Data items
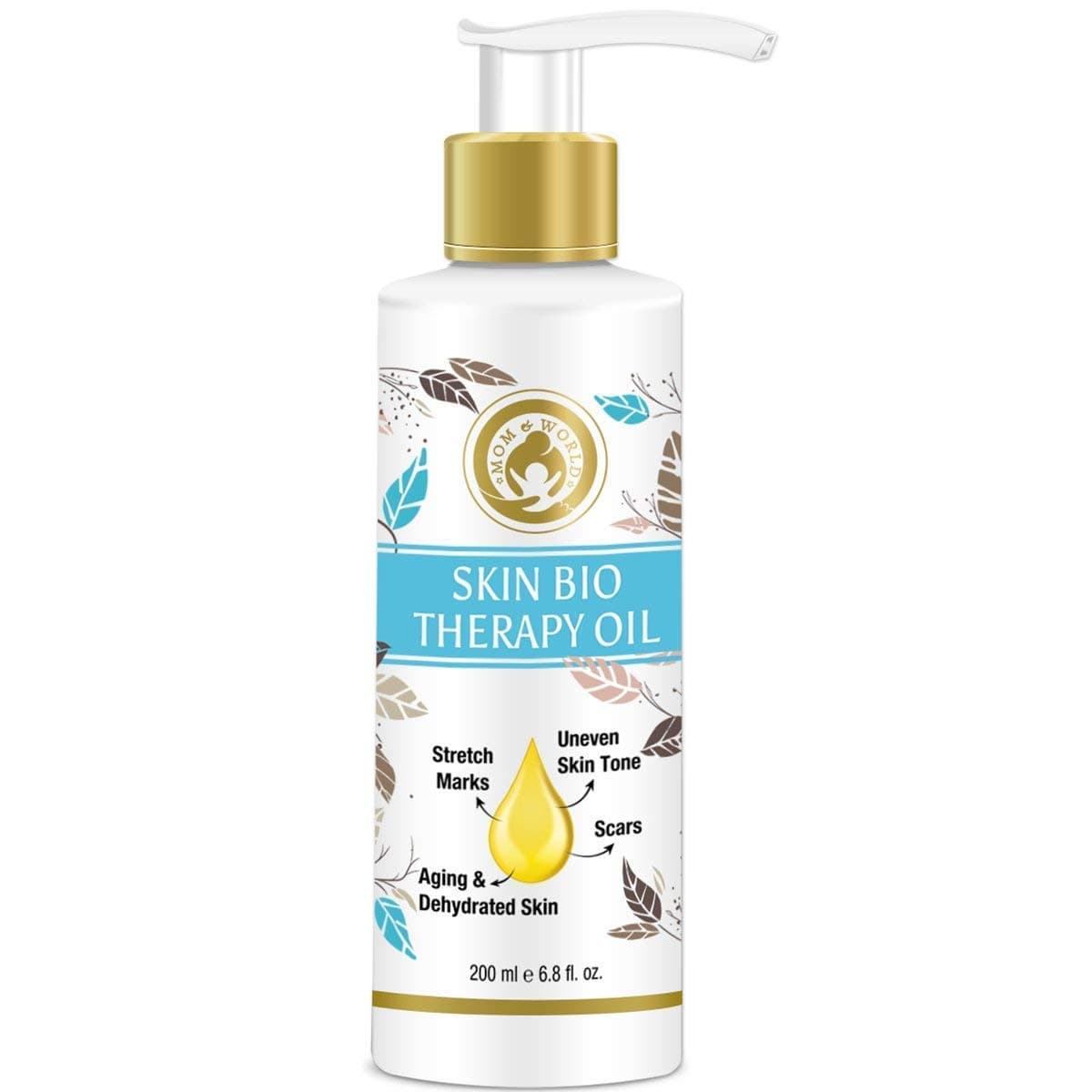 Mom & World Skin Bio Therapy Oil For Stretch Marks, Scars & Skin Toning - 200ml With Organic Argan Oil, Cocoa Butter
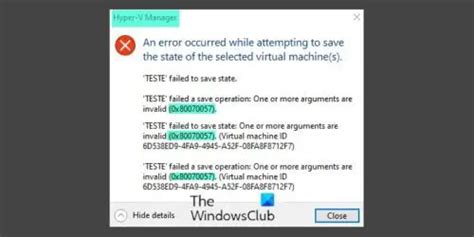 Fix 0x80070057 Hyper V Error On Windows Computer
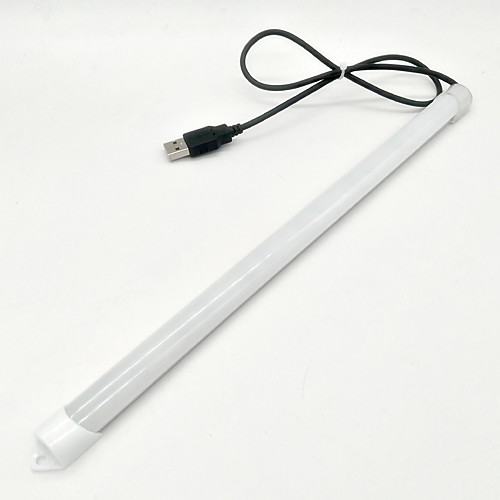 

1PC 50CM USB 5V Waterproof 15W 36X 5050 15mm Warm WhiteCold White Rigid LED Light Bars White PC tube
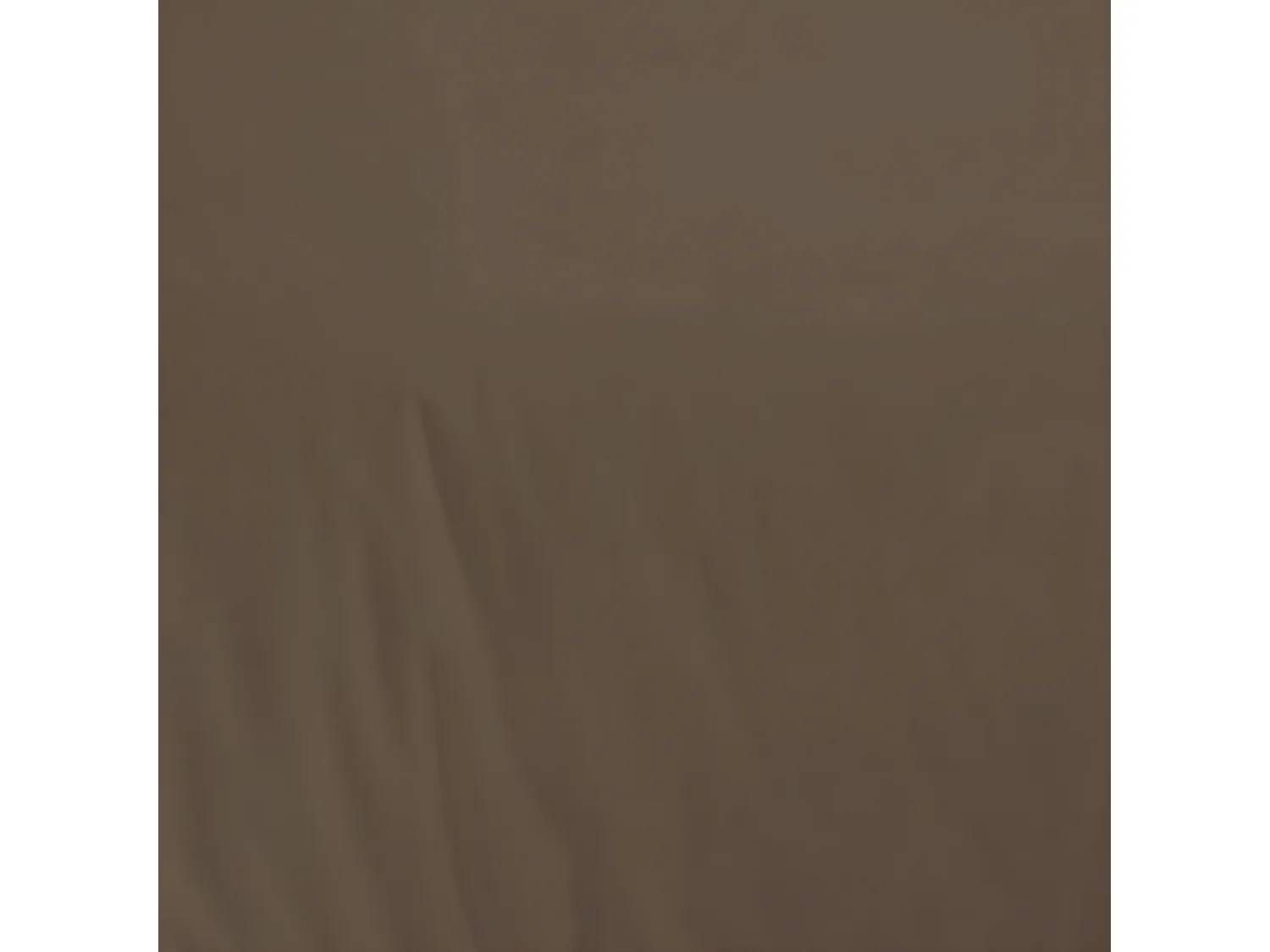 Housse de couette en coton 57 fils unie taupe 260x240cm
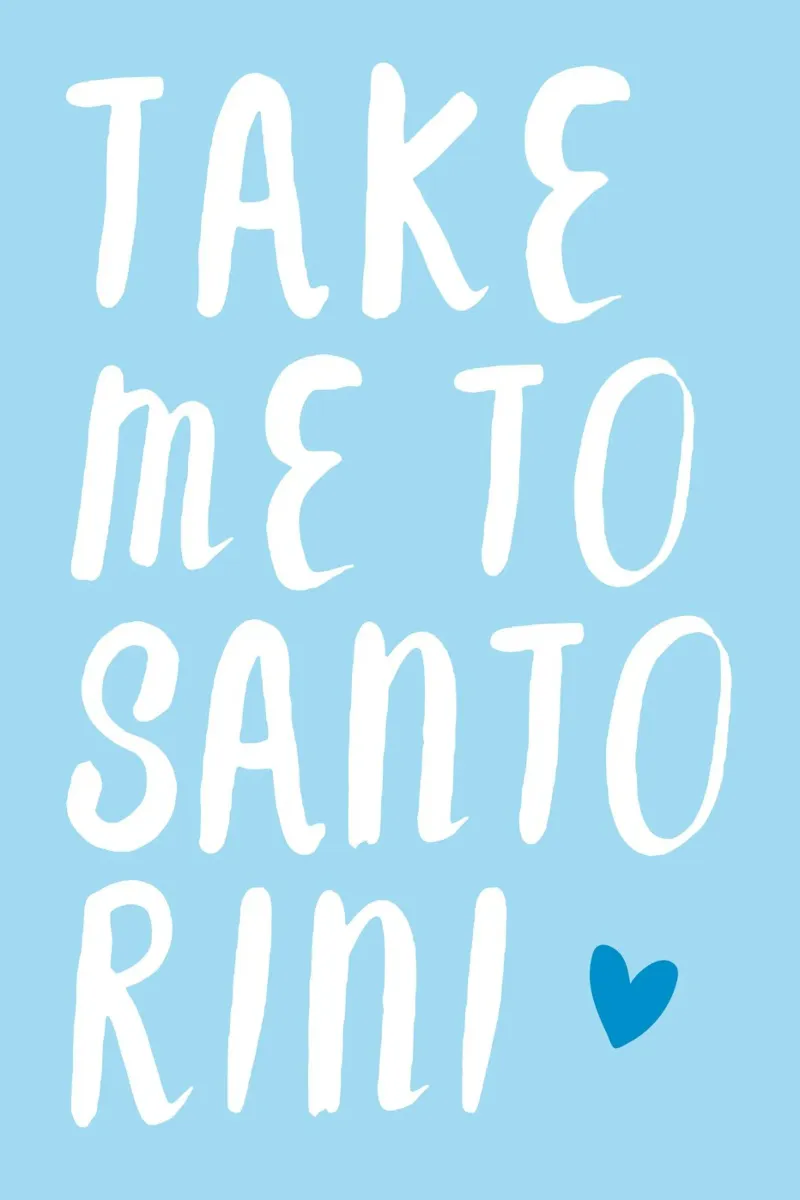 Take me to santorini plexiglass da Ohkimiko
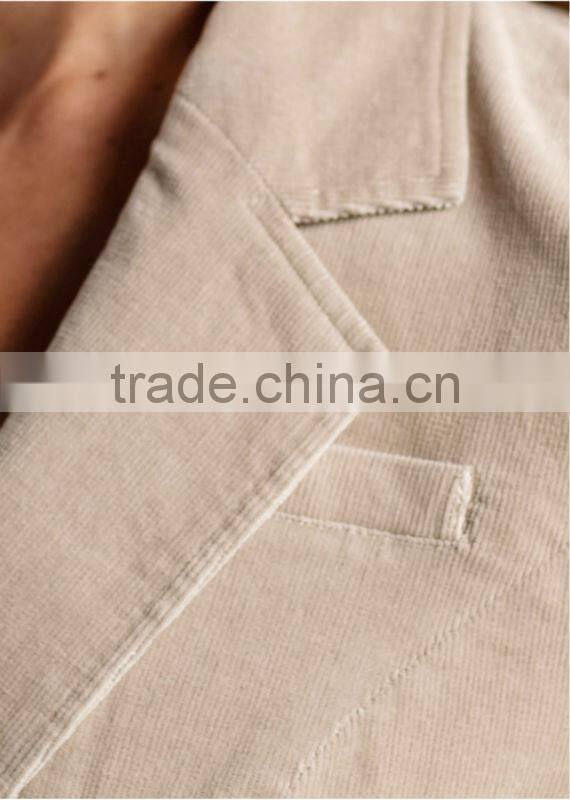 ladies blazer women's cotton blazer corduroy blazer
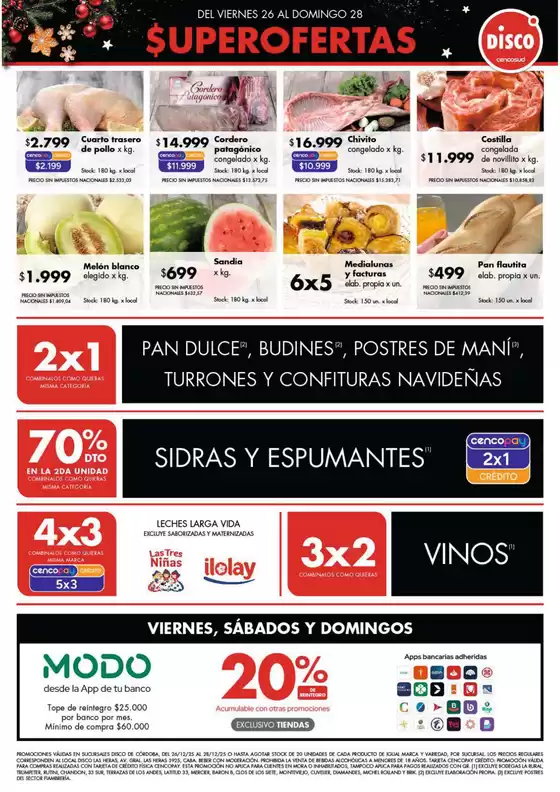 Catálogo Disco | Ofertas | Córdoba | 2025-12-26T00:00:00.000Z - 2025-12-28T00:00:00.000Z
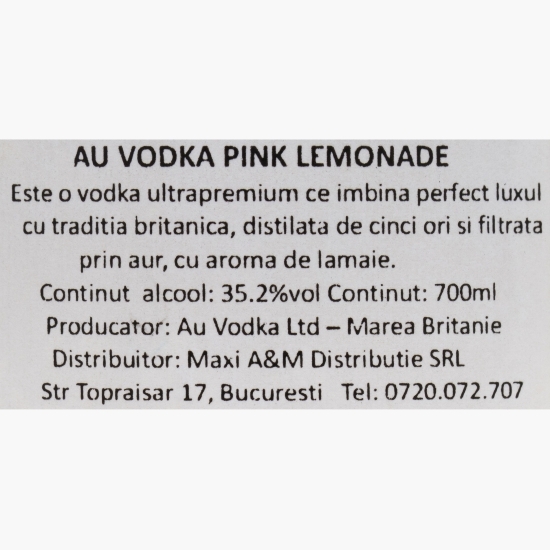 Vodcă Pink Lemonade, 35.2% alc, 0.7l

**ACTIVITY:** Each line from the one containing "Take me to santorini plexiglass da Ohkimiko" through the last line above should be retyped exactly, and no other line. Any picture is to be left out.

**TASK SOLUTION:**
 Take me to santorini plexiglass da Ohkimiko
 ladies blazer women's cotton blazer corduroy blazer
 Catálogo Disco | Ofertas | Córdoba | 2025-12-26T00:00:00.000Z - 2025-12-28T00:00:00.000Z
 Vodcă Pink Lemonade, 35.2% alc, 0.7l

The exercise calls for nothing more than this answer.